------ Available records ------

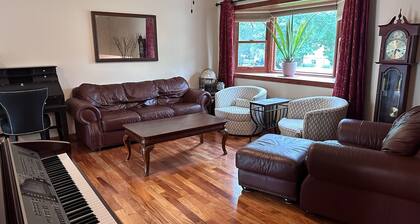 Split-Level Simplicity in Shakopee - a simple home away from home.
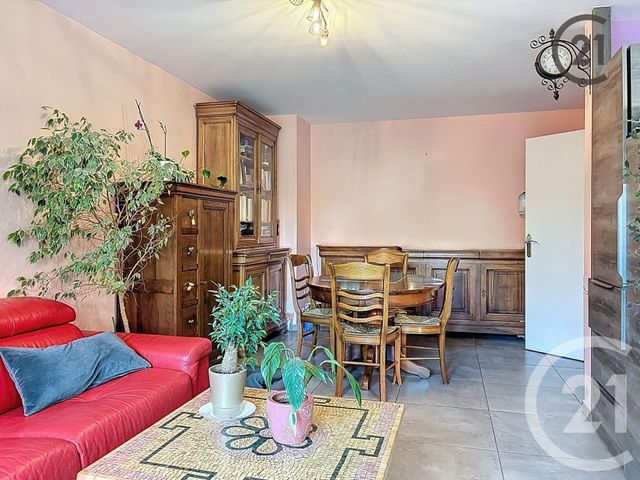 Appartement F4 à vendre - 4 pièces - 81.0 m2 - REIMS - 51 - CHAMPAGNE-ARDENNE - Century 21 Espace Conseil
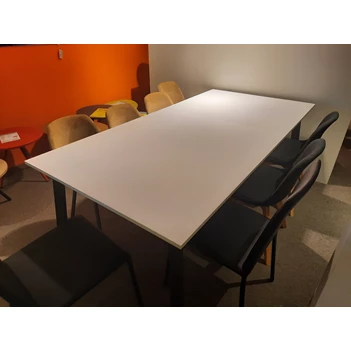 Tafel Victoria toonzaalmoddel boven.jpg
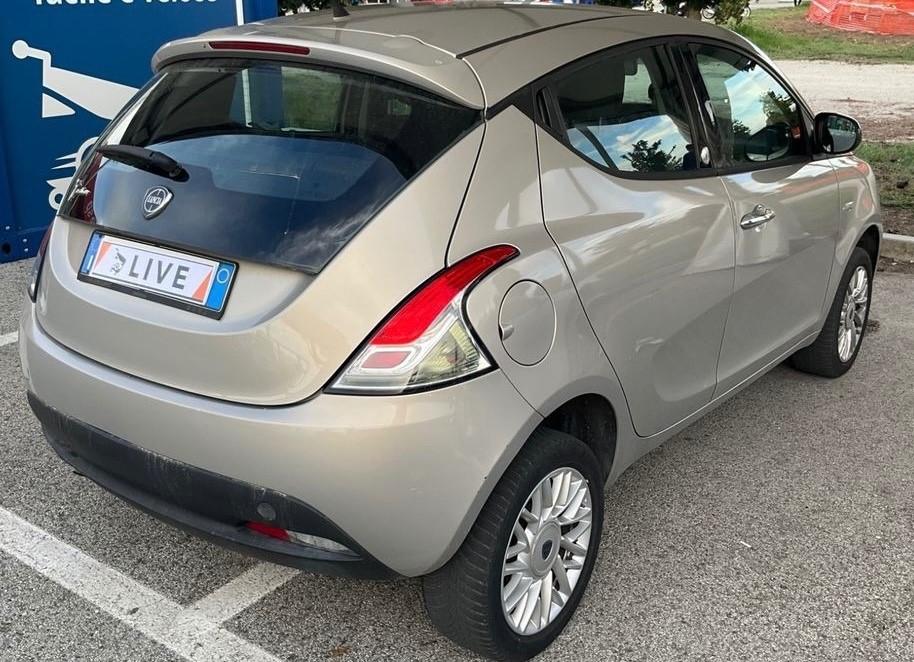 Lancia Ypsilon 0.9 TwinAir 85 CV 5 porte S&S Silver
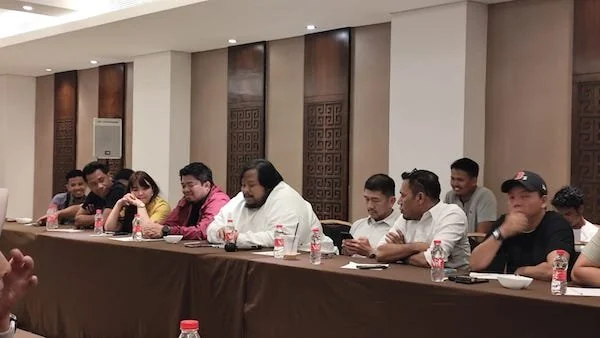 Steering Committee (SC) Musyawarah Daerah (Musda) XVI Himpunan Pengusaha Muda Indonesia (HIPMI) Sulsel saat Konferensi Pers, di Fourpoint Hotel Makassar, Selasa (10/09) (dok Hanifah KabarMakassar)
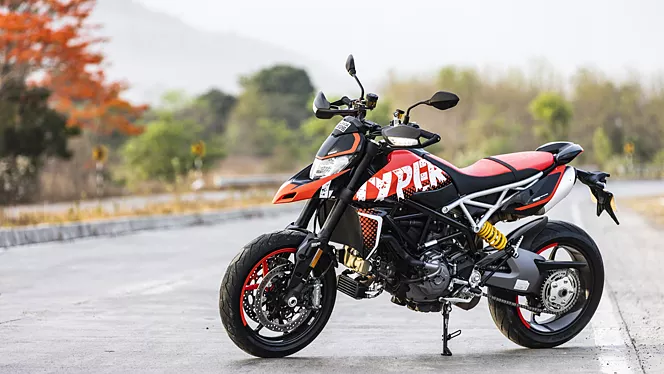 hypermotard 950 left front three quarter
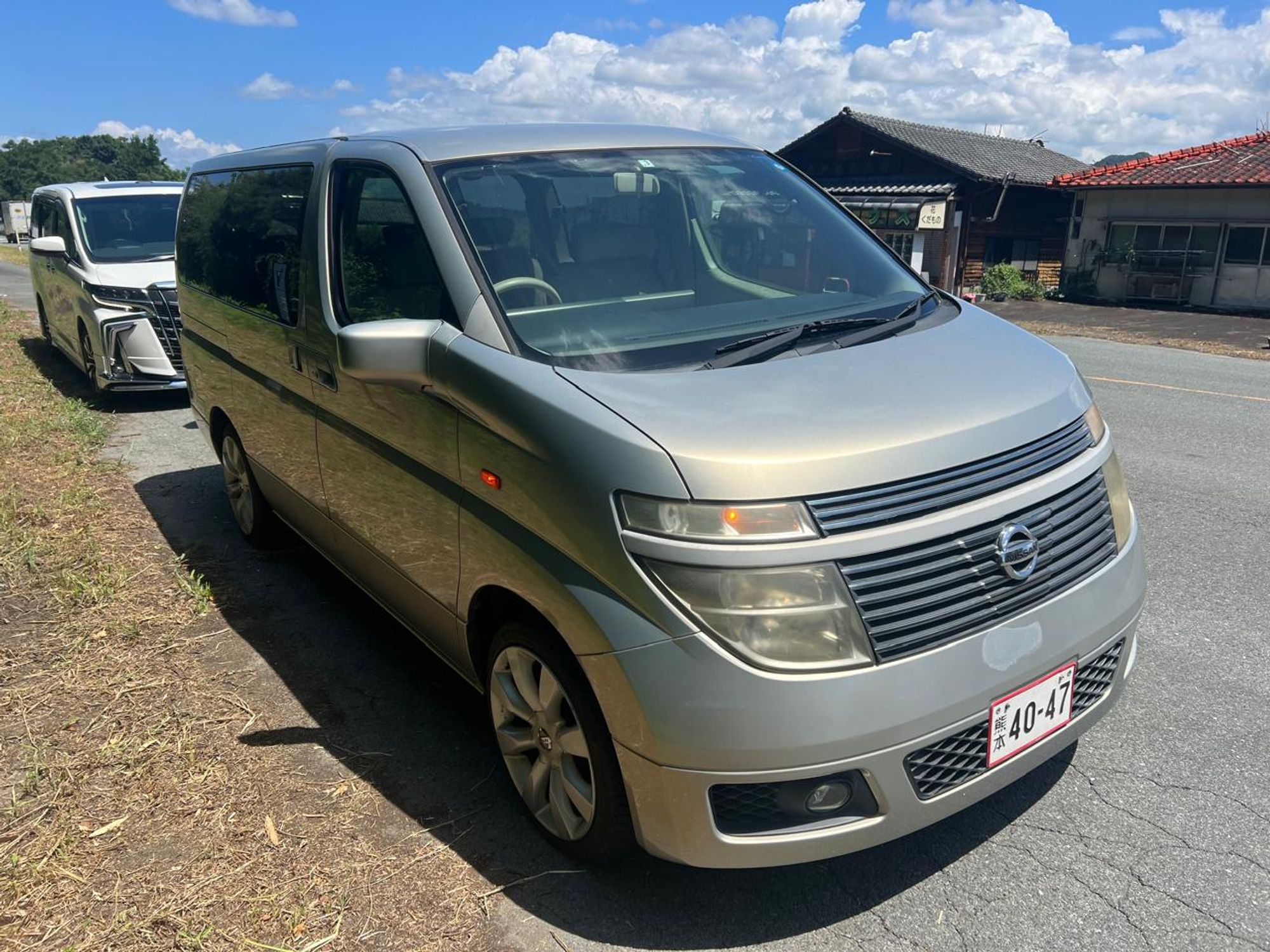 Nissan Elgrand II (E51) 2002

------
------ Available records ------

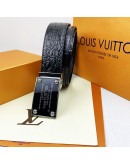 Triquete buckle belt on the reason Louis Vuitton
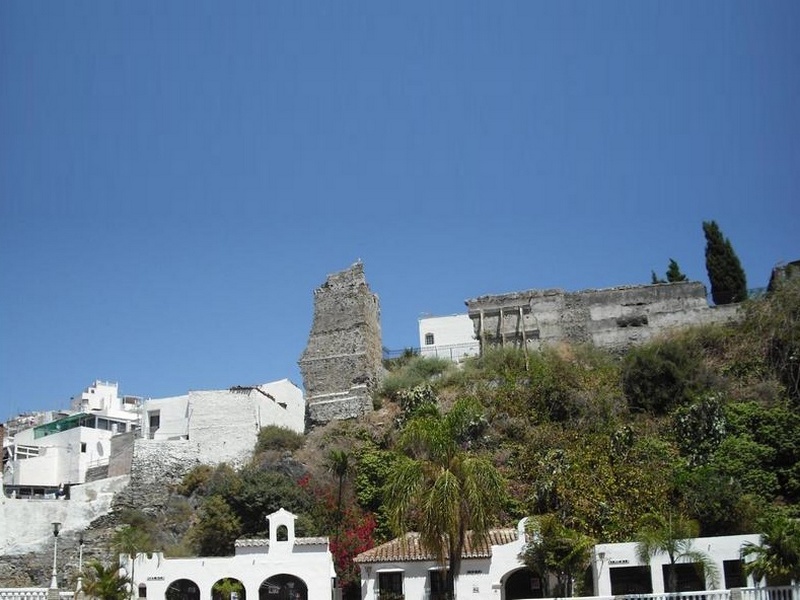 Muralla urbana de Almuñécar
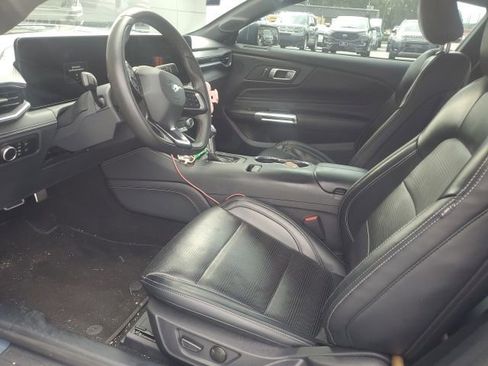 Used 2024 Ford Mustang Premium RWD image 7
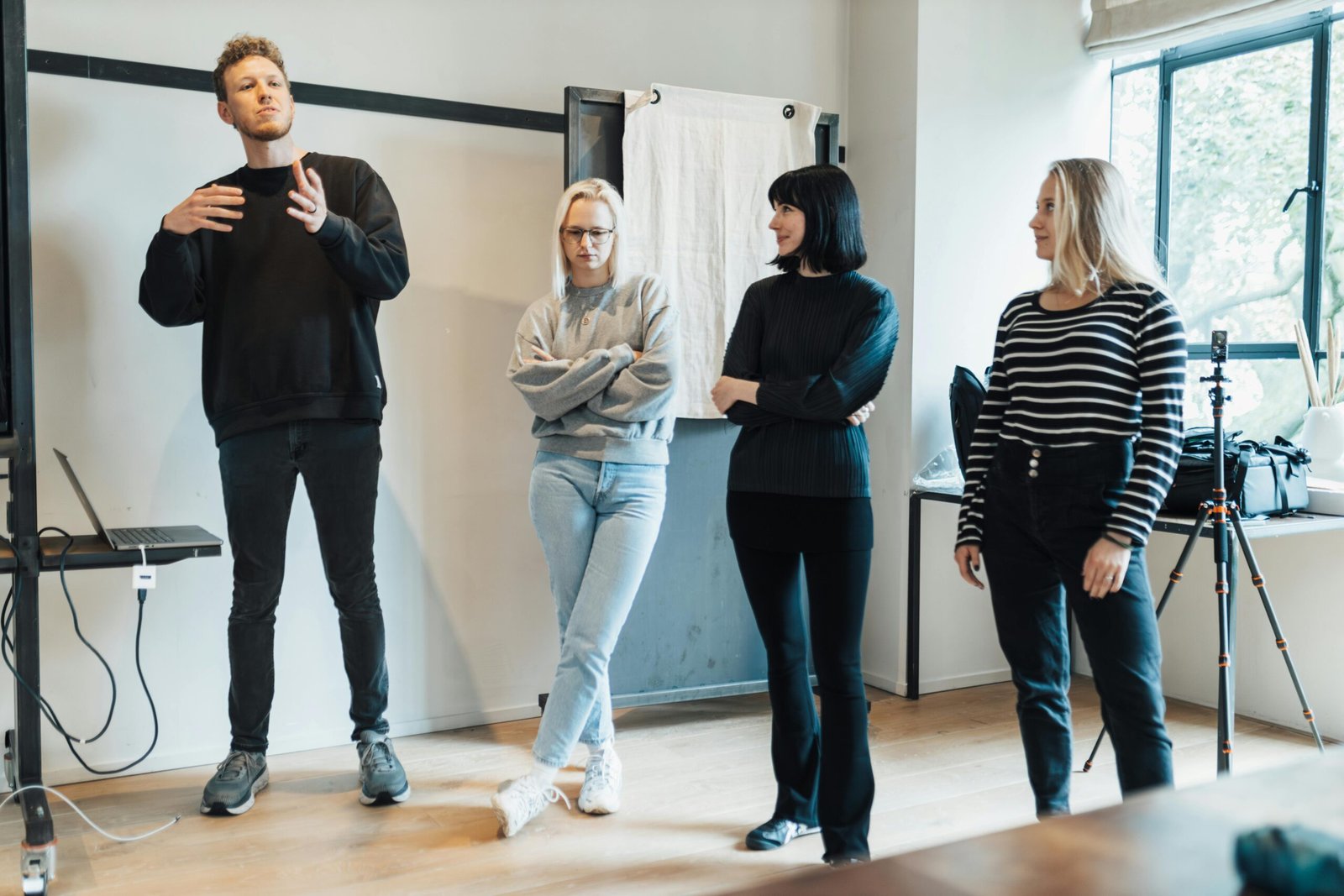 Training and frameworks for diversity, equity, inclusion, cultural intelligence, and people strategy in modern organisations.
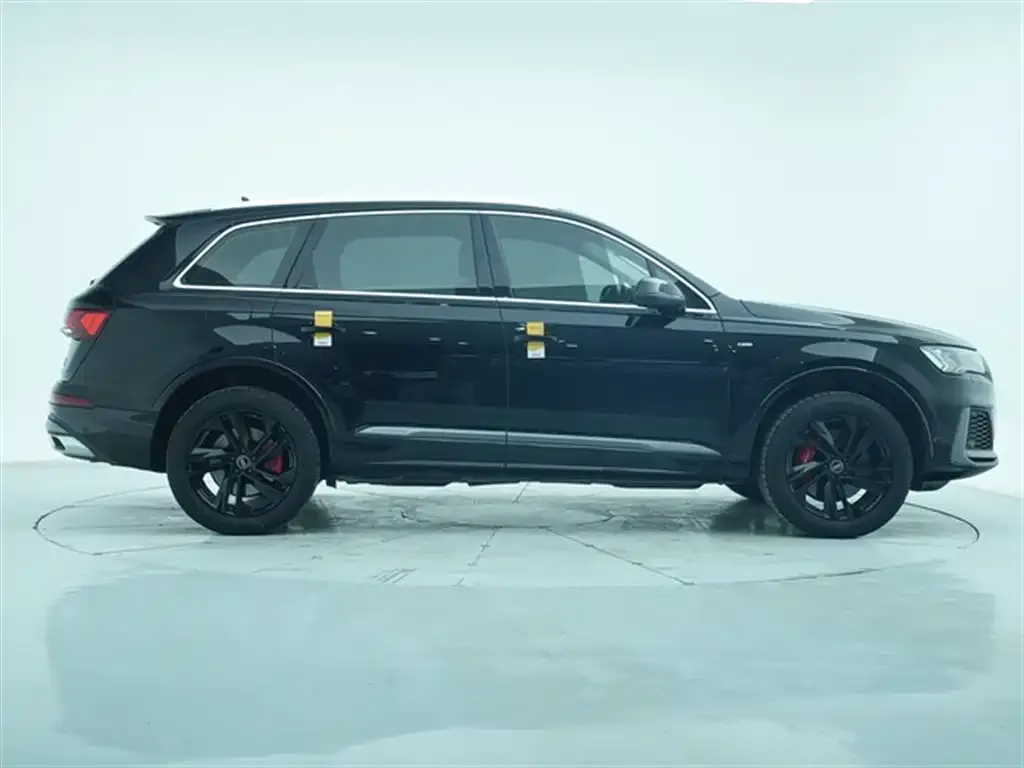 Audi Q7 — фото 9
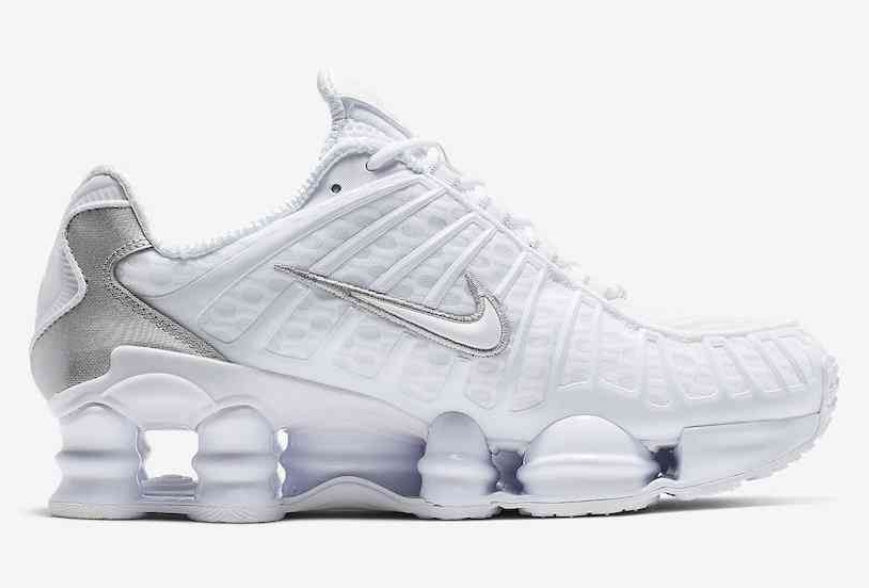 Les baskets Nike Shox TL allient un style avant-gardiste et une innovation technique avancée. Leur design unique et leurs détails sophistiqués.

------

# [Task description]
For this exercise, transcribe exactly the part of the records above that opens with the line containing "Split-Level Simplicity in" and closes with the one containing "Nissan Elgrand II (E51) 2002". Pictures are not part of the copy.

# [Exercise response]
 Split-Level Simplicity in Shakopee - a simple home away from home.
 Appartement F4 à vendre - 4 pièces - 81.0 m2 - REIMS - 51 - CHAMPAGNE-ARDENNE - Century 21 Espace Conseil
 Tafel Victoria toonzaalmoddel boven.jpg
 Lancia Ypsilon 0.9 TwinAir 85 CV 5 porte S&S Silver
 Steering Committee (SC) Musyawarah Daerah (Musda) XVI Himpunan Pengusaha Muda Indonesia (HIPMI) Sulsel saat Konferensi Pers, di Fourpoint Hotel Makassar, Selasa (10/09) (dok Hanifah KabarMakassar)
 hypermotard 950 left front three quarter
 Nissan Elgrand II (E51) 2002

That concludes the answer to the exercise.